_Work instruction_
Every line below from the one with "Computational Genomic Signatures" through the one with "For proteins, a" is to be repeated exactly, with no picture among them.

++++++++

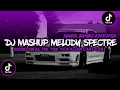 Download Lagu DJ MASHUP MELODY SPECTRE (Slowed + Reverb) FULL BASS VIRAL FYP TIK TOK 2023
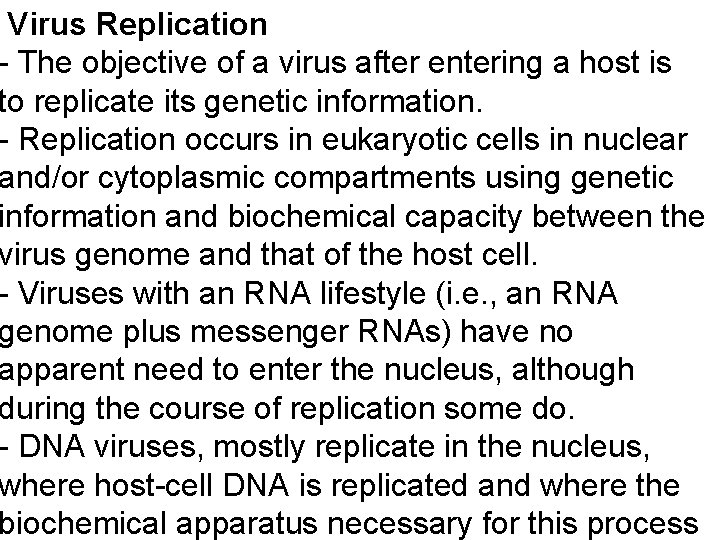 Virus Replication - The objective of a virus after entering a host is to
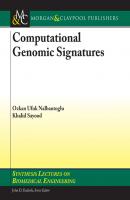 Computational Genomic Signatures - Khalid  Sayood Synthesis Lectures on Biomedical Engineering
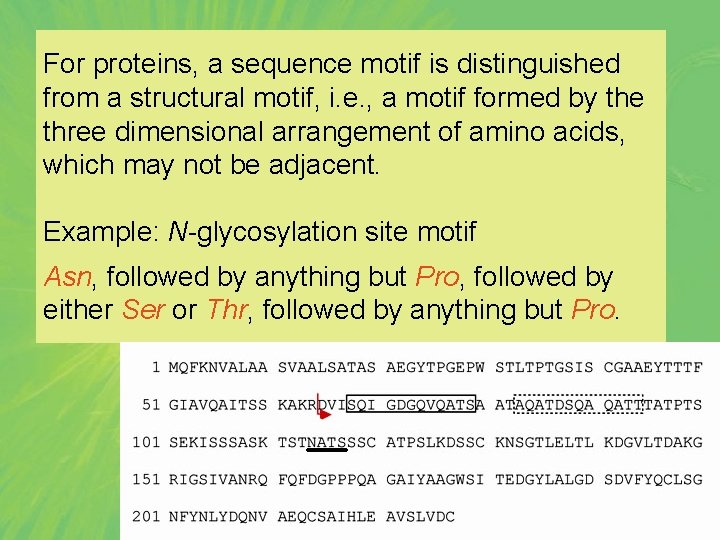 For proteins, a sequence motif is distinguished from a structural motif, i. e. ,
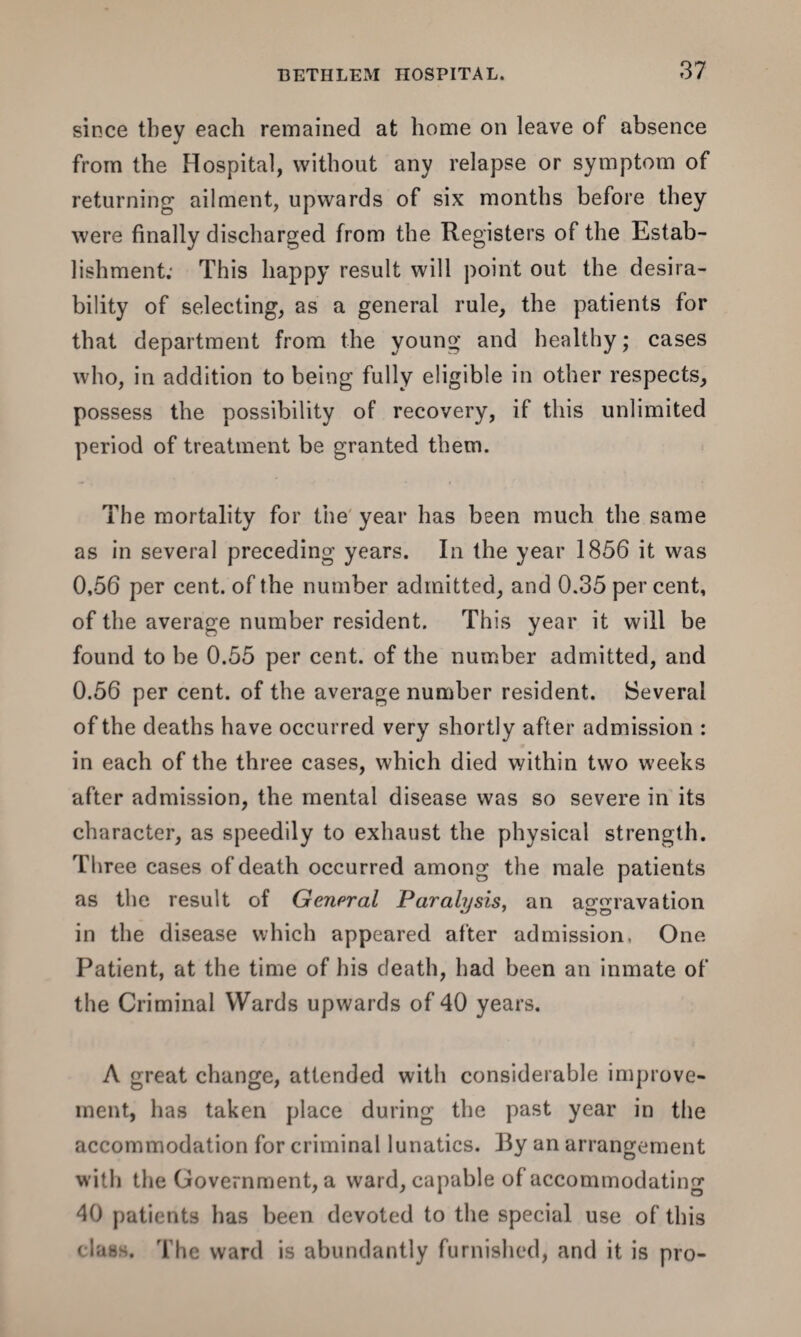 since tbev each remained at home on leave of absence J from the Hospital, without any relapse or symptom of returning ailment, upwards of six months before they were finally discharged from the Registers of the Estab¬ lishment; This happy result will point out the desira¬ bility of selecting, as a general rule, the patients for that department from the young and healthy; cases who, in addition to being fully eligible in other respects, possess the possibility of recovery, if this unlimited period of treatment be granted them. The mortality for the year has been much the same as in several preceding years. In the year 1856 it was 0,56 per cent, of the number admitted, and 0.35 per cent, of the average number resident. This year it will be found to be 0.55 per cent, of the number admitted, and 0.56 per cent, of the average number resident. Several of the deaths have occurred very shortly after admission : in each of the three cases, which died within two weeks after admission, the mental disease was so severe in its character, as speedily to exhaust the physical strength. Three cases of death occurred among the male patients as the result of General Paralysis, an aggravation in the disease which appeared after admission, One Patient, at the time of his death, had been an inmate of the Criminal Wards upwards of 40 years. A great change, attended with considerable improve¬ ment, has taken place during the past year in the accommodation for criminal lunatics. By an arrangement with the Government, a ward, capable of accommodating 40 patients has been devoted to the special use of this class. The ward is abundantly furnished, and it is pro-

++++++++

_Task response_
 Computational Genomic Signatures - Khalid  Sayood Synthesis Lectures on Biomedical Engineering
 For proteins, a sequence motif is distinguished from a structural motif, i. e. ,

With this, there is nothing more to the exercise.